The nine individuals came in a rowboat that appeared to have some weights covered in trash bags on the exterior. Later that day, 32 additional illegal immigrants who arrived in the Florida Keys in what seemed to be a makeshift boat also were taken into custody.

The latest arrests follow the deportation of 77 Cuban immigrants on July 13, who were earlier arrested in the Keys in eight separate incidents.

“Coast Guard crews maintain an active presence with air and sea assets every day through the Florida Straits to help save lives by removing people from unsafe environments,” Lt. Travis Poulos of Coast Guard District 7 said in a statement on July 13, according to the Miami Herald. “Our crews help prevent people from losing their lives in these dangerous attempts.”

Until January 2017, Cuban citizens who came to U.S. shores were allowed to stay in the country. After a year, they could apply for permanent residency.

The policy was stopped in January 2017 by President Barack Obama at the end of his term as part of an effort to improve diplomatic relations with the communist country.

At present, most Cuban illegal immigrants caught at sea or on land are deported back to their country.

Cuban Immigration

After Joe Biden became president in 2021, he undid many of President Donald Trump’s border policies, triggering a flood of illegal migration from Cuba and other countries including El Salvador, Honduras, and Guatemala.

In the fiscal year 2022 between October and June, U.S. Customs and Border Protection (CBP) reported 578,662 encounters with illegal immigrants from these four nations, up from 88,796 in fiscal year 2020 and 481,403 in fiscal year 2021.
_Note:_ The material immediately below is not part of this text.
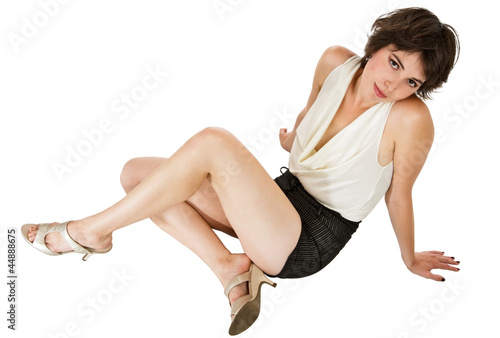 Glamorous dark-haired young woman seated on floor leaning back © Jeanne McRight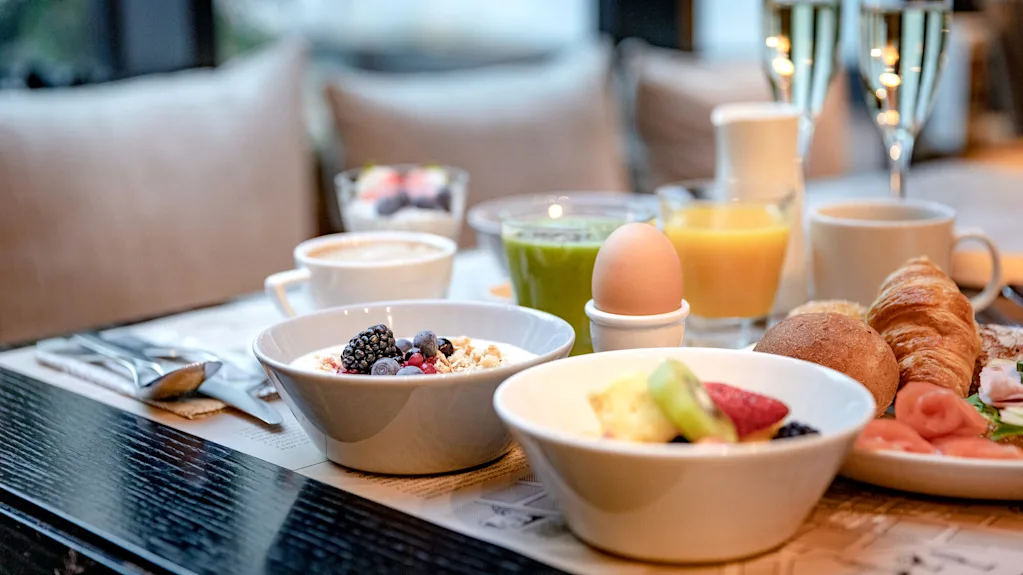 En frukost bestående av skålar med frukt och yoghurt, ett löskokt ägg, croissant, kaffe, juice och champagne, på ett träbord i en mysig inomhusmiljö.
As for Cuban immigrants, there have been 157,339 encounters in fiscal year 2022 compared to just 7,813 in fiscal year 2020 and 26,195 in fiscal year 2021, according to CBP data.
“Just from Cuba alone, we already have more people in the last nine months than the entire Mariel boatlift. That’s just from one country—just from one country,” Sen. Marco Rubio (R-Fla.) said in a speech on July 13.

The Mariel boatlift was a mass emigration of Cubans to the United States in 1980, between April 15 and Oct. 31.

Pointing out that countries such as Canada, Mexico, and Guatemala don’t tolerate open borders, Rubio insisted that the United States should follow a strict policy.